What brought about the human-capital century? Why and how did the United States lead the world in mass education for much of the 20th century? And what does this history mean for the future of education in the United States?

The Human-Capital Century

Even poor countries today have a far greater rate of secondary-school enrollment than did the rich countries of the past. Consider Figure 1, on which the horizontal axis is real per-capita income in 1990 and the vertical axis is the rate of high-school enrollment in 1990. The lowest of the four points in the figure represents the real per-capita income and the high-school enrollment rate in the United States in 1900, just before the expansion of secondary-school education as a result of the U.S. “high-school movement.”

The northwest and southeast quadrants of Figure 1 relative to the data point for the United States in the year 1900 have unambiguous interpretations. I term the northwest quadrant the “good” quadrant and the southeast the “bad” quadrant. Nations found in the good quadrant had lower real per-capita incomes in 1990 than did the United States in 1900 but a higher enrollment rate in 1990 than the United States had in 1900. In other words, they are currently investing more in education relative to their per-capita income than the United States did at the beginning of the human-capital century. Their incomes may be low now, but they are making the investments necessary to nurture growth in the future.

By contrast, nations in the southeast quadrant, the bad quadrant, would have had higher per-capita incomes in 1990 than the United States did in 1900 but lower current enrollment rates than the United States had in 1900. In other words, their investment in education relative to their per-capita income would have been lower than in the United States at the turn of the century. Note that there are no nations in the bad quadrant and many nations in the good quadrant. One can do the same thought experiment for other years.
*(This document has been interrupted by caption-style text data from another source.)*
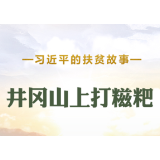 习近平的扶贫故事丨井冈山上打糍粑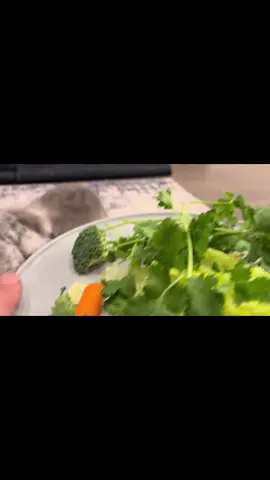 I could watch this all day…. #dippertherabbit #bunny #hollandlopbunny #cute  #bunnieseating 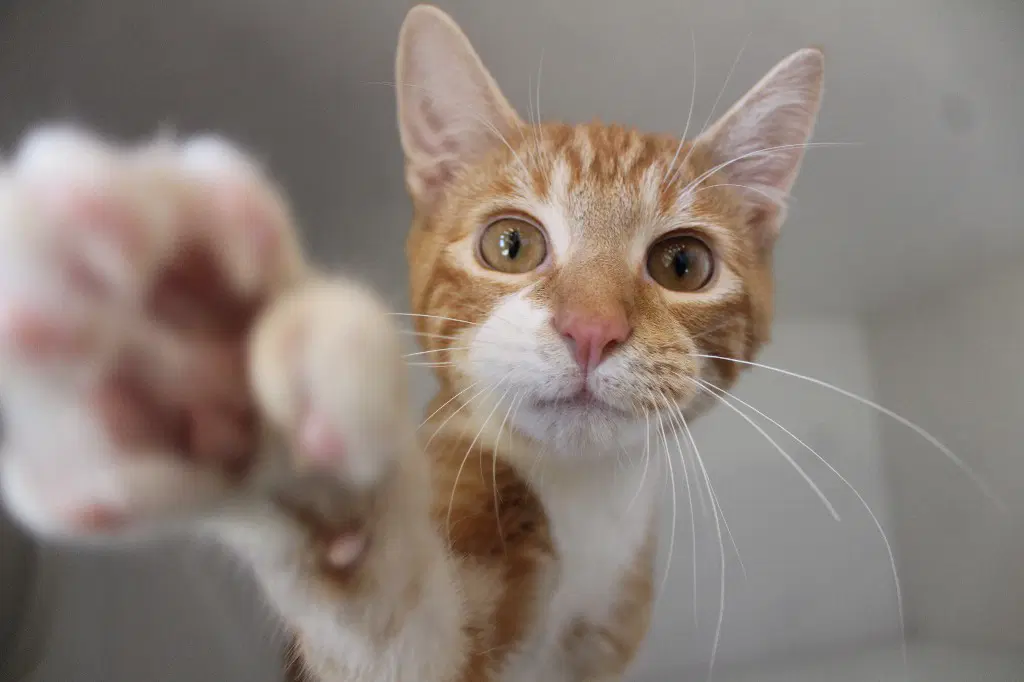 Destruction - Domestic Short Hair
Figure 1 also contains a data point for the United States in 1920. Once again, no country is located in the bad quadrant, the one with higher per-capita incomes and lower enrollment rates. The data point for 1940 places just a few countries in the bad quadrant. Only when the 1960 data point for the United States is considered do more than two or three countries fall into the southeast quadrant.

Two highly useful facts are embedded in these data and the thought experiment. The first fact is that secondary schooling took off in the United States from around 1910 to 1940. The second fact comes from the thought experiment. The bad quadrant is virtually empty until the point of comparison-the enrollment rate in the United States-reaches high levels. Meanwhile, the good quadrant is often brimming with countries. This suggests that even poor nations and poor people today are investing in education at higher rates than the United States did at the turn of the century. Thus the 20th century became the human-capital century. Nations can no longer afford to be left behind in educating their people because today’s technologies are produced by well-educated countries and are designed for an educated labor force.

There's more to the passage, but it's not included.